In 2021, Greenbrier was recognized as an "Oregon History Maker" by the Oregon Historical Society.

In 2022, Greenbrier's founder and CEO Bill Furman stepped down as CEO and retired the office of Executive Chairman. The Board of Directors appointed then-President & Chief Operating Officer Lorie Tekorius to CEO & President. Furman remained a director through the expiration of his term in January 2024.
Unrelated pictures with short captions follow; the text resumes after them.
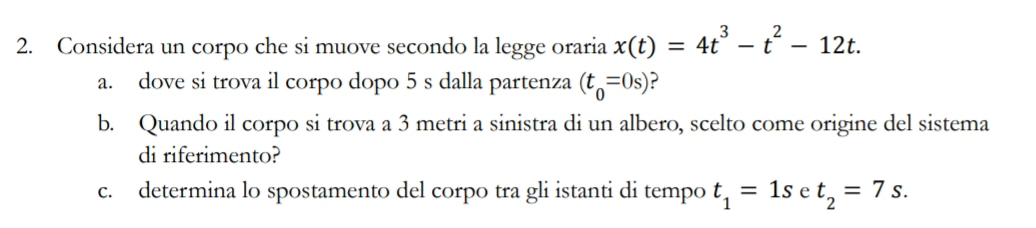 Considera un corpo che si muove secondo la legge oraria x(t)=4t^3-t^2-12t. 
a. dove si trova il corpo dopo 5 s dalla partenza (t_0=0s) ? 
b. Quando il corpo si trova a 3 metri a sinistra di un albero, scelto come origine del sistema 
di riferimento? 
c. determina lo spostamento del corpo tra gli istanti di tempo t_1=1s e t_2=7s.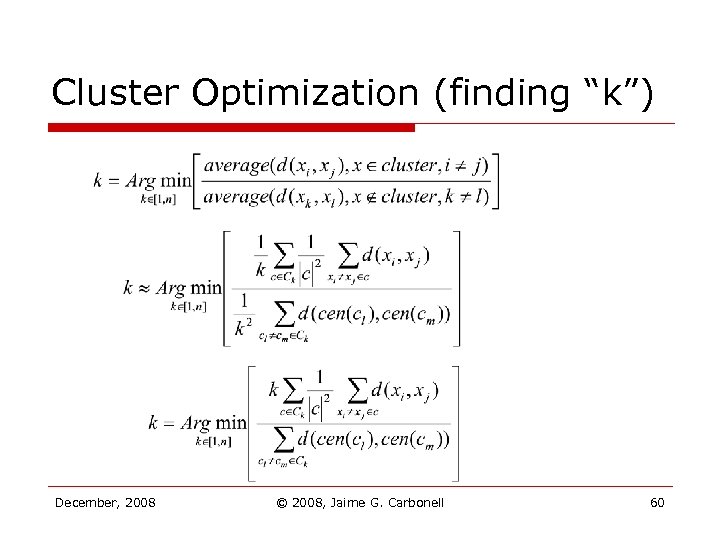 Cluster Optimization (finding “k”) December, 2008 © 2008, Jaime G. Carbonell 60 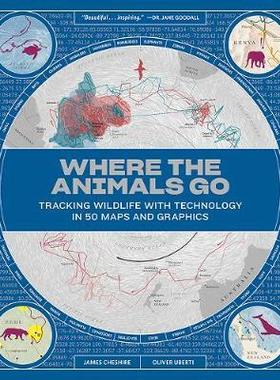 [预订]Where the Animals Go: Tracking Wildlife with Technology in 50 Maps and Graphics 9780393634020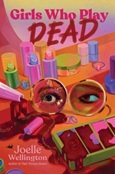 girlswhopaydead Girls Who Play Dead by Joelle Wellington
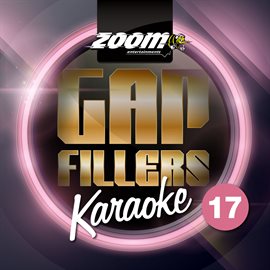 Cover image for Zoom Karaoke Gap Fillers - Volume 17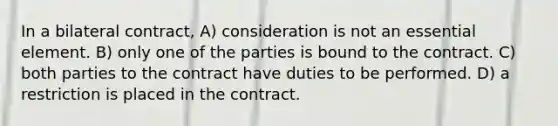 In a bilateral contract, A) consideration is not an essential element. B) only one of the parties is bound to the contract. C) both parties to the contract have duties to be performed. D) a restriction is placed in the contract.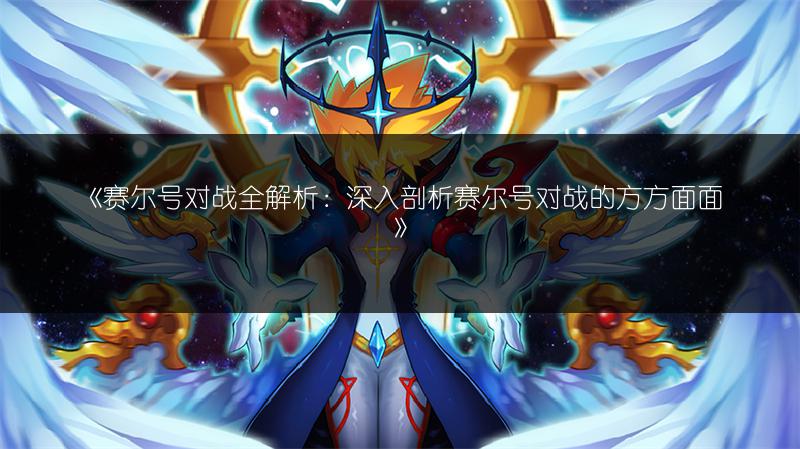 《赛尔号对战全解析：深入剖析赛尔号对战的方方面面》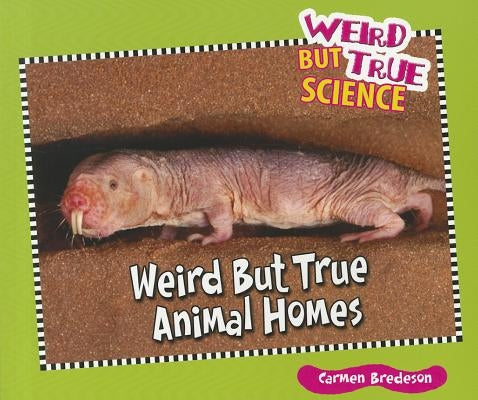 Weird But True Animal Homes by Bredeson, Carmen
In 2023, Greenbrier sold the Gunderson Marine facility to Oregon Green Manufacturing, marking its exit from marine manufacturing. Later that year, Greenbrier sold its ownership stake in Rayvag to its joint venture partner and founded Greenbrier Vagon in Turkey. Greenbrier ceased Vagon operations in 2025

==Products and services==

===Rail vehicles===
====North America====
Greenbrier operates five new railcar manufacturing facilities in North America: Greenbrier Paragould (Paragould, Arkansas), Greenbrier Marmaduke (Marmaduke, Arkansas), Greenbrier Sahagún (Sahagún, Mexico), Greenbrier Tlaxcala (Tlaxcala, Mexico) and Greenbrier GIMSA (Monclova, Mexico). Equipment manufactured includes intermodal and conventional railcars, including boxcars, center partitions, covered hoppers, double stacks, flatcars, gondolas, tank cars, auto racks, and two proprietary automobile carriers: the AutoMax and Multi-Max.

====Eastern Europe====
Greenbrier Europe produces conventional freight railcars at Greenbrier Wagony Świdnica (Świdnica, Poland) and Greenbrier AstraRail, Drobeta-Turnu Severin and Caracal, Romania).

===Maintenance Services===
Maintenance Services (previously known as GRS) sells reconditioned wheelsets and provides wheel services throughout the United States. Maintenance Services. It also reconditions, manufactures and sells railcar parts and operates an independent railcar maintenance and repair shop network across the U.S.

===Leasing and management===
Together, Greenbrier Leasing Company LLC (GLC) and GBX Leasing (GBXL) own railcar lease fleets in North America. Greenbrier also runs a railcar syndications platform as a function of its leasing business. Greenbrier Management Services (GMS) facilitates operations on almost every Class I railroad. GMS offers services such as railcar maintenance management, car hire processing, regulatory compliance and railcar re-marketing.